- [What you should do]: Leave the pictures in the listing below aside and reproduce exactly the lines starting with the one with "Go all the way" and going on through the one with "Hey guys, how", both ends included.

- [Exercise input]:
######

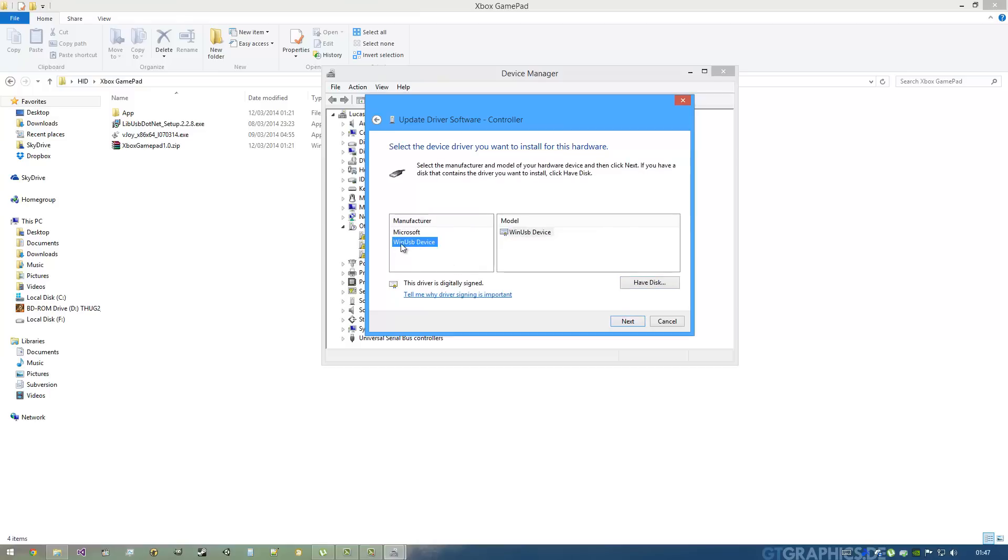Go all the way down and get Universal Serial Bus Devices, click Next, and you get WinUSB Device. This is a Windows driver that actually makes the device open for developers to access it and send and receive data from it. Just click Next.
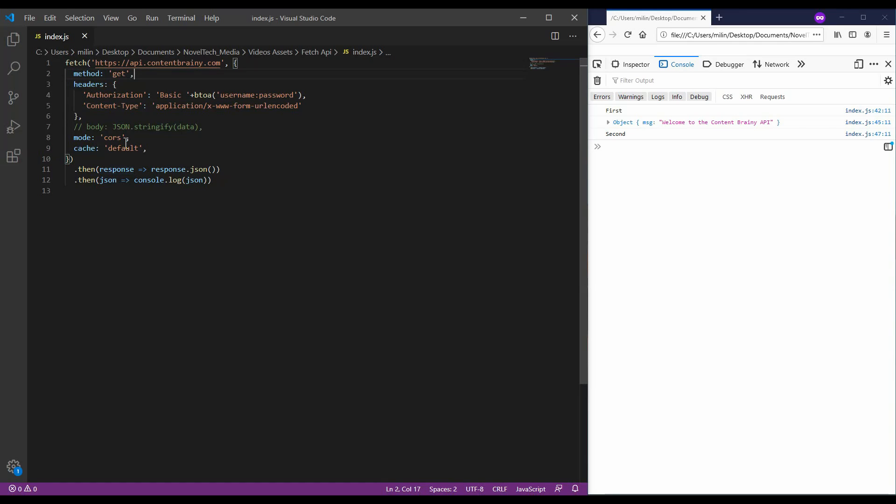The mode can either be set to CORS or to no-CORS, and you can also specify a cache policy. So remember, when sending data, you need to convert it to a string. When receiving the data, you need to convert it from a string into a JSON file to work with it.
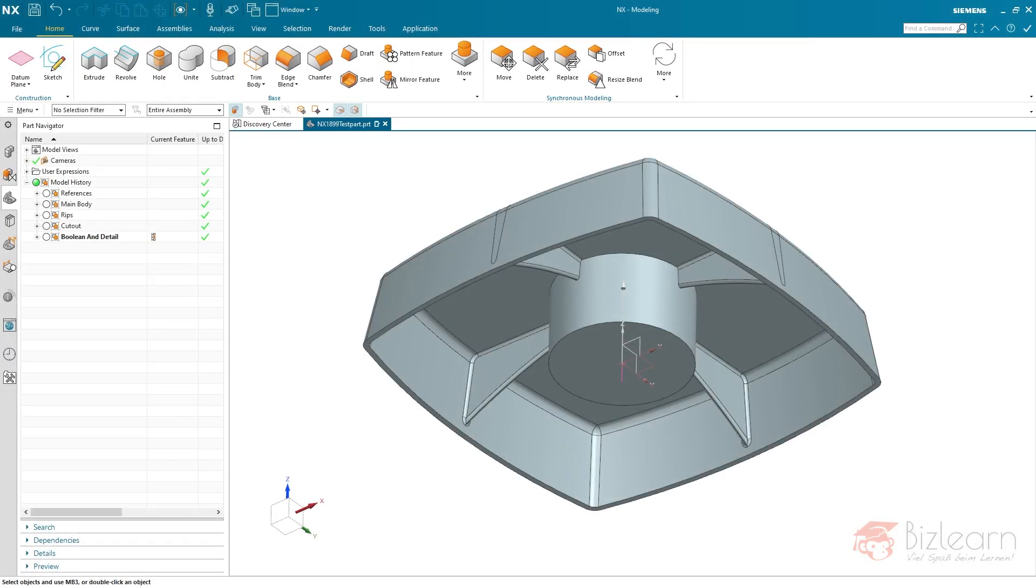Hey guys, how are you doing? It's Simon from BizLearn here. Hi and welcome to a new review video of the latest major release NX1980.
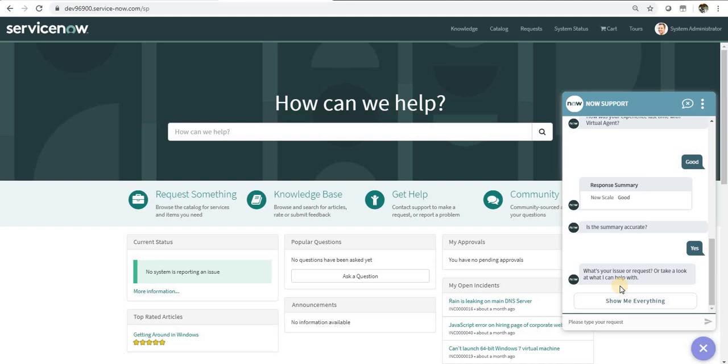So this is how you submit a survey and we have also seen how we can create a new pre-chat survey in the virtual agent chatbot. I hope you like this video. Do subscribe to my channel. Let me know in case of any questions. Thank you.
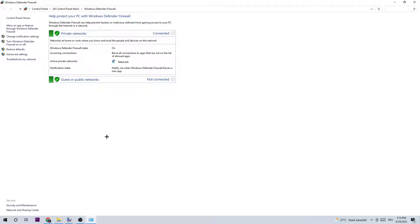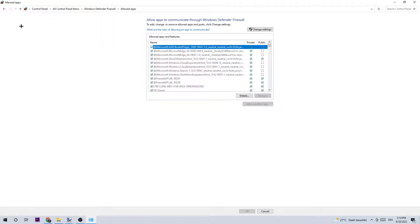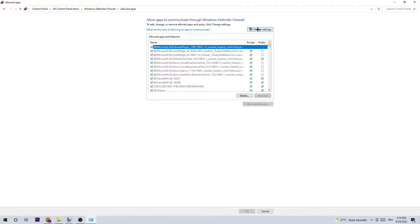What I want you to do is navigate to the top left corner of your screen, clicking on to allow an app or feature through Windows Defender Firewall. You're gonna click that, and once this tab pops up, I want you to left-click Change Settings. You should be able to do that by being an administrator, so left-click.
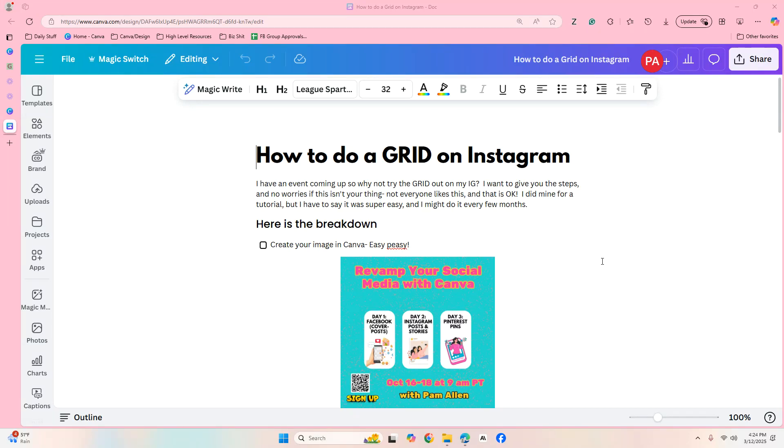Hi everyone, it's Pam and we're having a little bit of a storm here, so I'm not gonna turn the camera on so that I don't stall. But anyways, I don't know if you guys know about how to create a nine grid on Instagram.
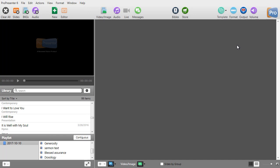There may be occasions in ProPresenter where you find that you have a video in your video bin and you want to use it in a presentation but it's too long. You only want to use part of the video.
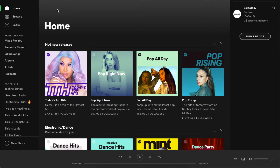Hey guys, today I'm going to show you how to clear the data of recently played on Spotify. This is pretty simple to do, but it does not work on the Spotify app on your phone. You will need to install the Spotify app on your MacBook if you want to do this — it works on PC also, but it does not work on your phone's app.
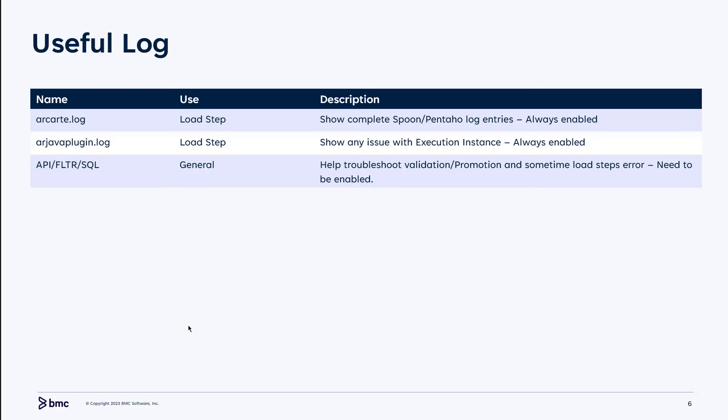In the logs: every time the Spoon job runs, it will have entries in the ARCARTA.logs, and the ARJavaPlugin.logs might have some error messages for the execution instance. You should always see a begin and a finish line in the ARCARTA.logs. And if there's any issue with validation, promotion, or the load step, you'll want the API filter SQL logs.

######

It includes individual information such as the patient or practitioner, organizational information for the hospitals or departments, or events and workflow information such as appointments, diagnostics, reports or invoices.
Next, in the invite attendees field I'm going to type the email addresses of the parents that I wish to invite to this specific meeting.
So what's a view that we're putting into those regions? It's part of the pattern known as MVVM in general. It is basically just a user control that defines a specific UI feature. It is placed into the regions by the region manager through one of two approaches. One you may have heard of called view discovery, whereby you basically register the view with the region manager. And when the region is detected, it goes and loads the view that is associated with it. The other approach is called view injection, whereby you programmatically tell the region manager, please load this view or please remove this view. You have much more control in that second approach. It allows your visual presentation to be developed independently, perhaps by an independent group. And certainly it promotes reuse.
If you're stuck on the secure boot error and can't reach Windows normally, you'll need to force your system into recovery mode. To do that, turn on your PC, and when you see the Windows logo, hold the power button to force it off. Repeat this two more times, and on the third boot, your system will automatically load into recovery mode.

######

- [Answer to the exercise]:
Go all the way down and get Universal Serial Bus Devices, click Next, and you get WinUSB Device. This is a Windows driver that actually makes the device open for developers to access it and send and receive data from it. Just click Next.
The mode can either be set to CORS or to no-CORS, and you can also specify a cache policy. So remember, when sending data, you need to convert it to a string. When receiving the data, you need to convert it from a string into a JSON file to work with it.
Hey guys, how are you doing? It's Simon from BizLearn here. Hi and welcome to a new review video of the latest major release NX1980.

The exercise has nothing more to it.